Sonnenuntergang, Felsenküste, ein Papagei: Im Grunde sind es ganz normale, für Außenstehende relativ langweilige Urlaubsbilder, die Katy McCaffrey seit rund einer Woche auf ihrem Facebook-Profil präsentiert. Doch im Gegensatz zu vergleichbaren Schnappschüssen erfreut sich die Sammlung der US-Amerikanerin in Internetkreisen einer ungeheuren Beliebtheit. Alleine bei Facebook wurde das Album, in dem sich die Aufnahmen befinden, bereits über 22.000 Mal geteilt. Begründen lässt sich die Popularität dieser 21 Bilder mit der Geschichte ihrer Entstehung. In deren Hauptrollen: Mrs. McCaffrey, ihr iPhone und ein junger Mann namens Nelson.
Kurz gefasst klingt das Ganze so: Während einer Karibik-Kreuzfahrt auf einem Schiff der Disney-Reederei geht besagtes iPhone im April diesen Jahres verloren und bleibt trotz umfassender Suchmaßnahmen an Bord spurlos verschwunden. Tage nach ihrer Rückkehr, McCaffrey fängt gerade an, sich mit der Endgültigkeit des Verlusts abzufinden, gibt ihr Smartphone plötzlich doch noch Lebenszeichen von sich. Brandneue Fotos tauchen auf ihrer Online-Festplatte iCloud auf. Fotos, die McCaffrey definitiv nicht selbst gemacht hat. Zwar sind diese offensichtlich an Bord »ihres« Schiffes geschossen worden, nur kennt sie niemanden der Abgelichteten – zunächst, zumindest.
Wange an Wange in der Cloud
Ein junger Mann ist wiederholt auf den Bildern zu sehen, mal vor einem Sonnenuntergang, mal mit Freunden beim Feiern, mal Wange an Wange mit einer jungen Frau. Als iCloud ein Foto von ihm in der Uniform der Schiffscrew zum Vorschein bringt, kann McCaffrey dem mutmaßlichen Smartphoneräuber dank seines Namensschildes zumindest einen Vornamen zuordnen: Nelson. Und Nelson bleibt am Drücker. Weitere Bilder landen bei der ursprünglichen Besitzerin des Telefons. Denn McCaffreys iPhone sendet alle Bilder per Fotostream an ihre iCloud, eine Festplatte in der sogenannten Wolke, auf die McCaffrey mit ihren anderen Geräten Zugriff hat. Dass es diesen Service gibt, ist Nelson offenbar verborgen geblieben. Vor allem aber, wie man diesen Service ausschaltet.
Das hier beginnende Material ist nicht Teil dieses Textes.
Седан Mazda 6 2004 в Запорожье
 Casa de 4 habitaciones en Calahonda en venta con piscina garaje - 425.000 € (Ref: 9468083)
Schnappschuss um Schnappschuss sammelt McCaffrey und fügt ihre Sammlung am Ende in einem Facebook-Album zusammen, dem sie einen bezeichnenden Namen gibt: »Stolen iPhone Adventures«. Jedes Foto versieht sie zudem mit einer launigen Bildunterschrift. Zunächst nur für ihre Freunde zugänglich, macht McCaffrey das Album auf deren Drängen hin öffentlich sichtbar – und tritt damit eine Internet-Lawine los. McCaffreys Freunde teilen den Link mit ihren jeweiligen Netzwerken, deren Mitglieder wiederum dasselbe tun. Innerhalb eines knappen Tages haben die Bilder schon derart Kreise gezogen, dass Online-Magazine und Blogs auf sie aufmerksam werden. Von da an potenziert sich das Interesse der Öffentlichkeit.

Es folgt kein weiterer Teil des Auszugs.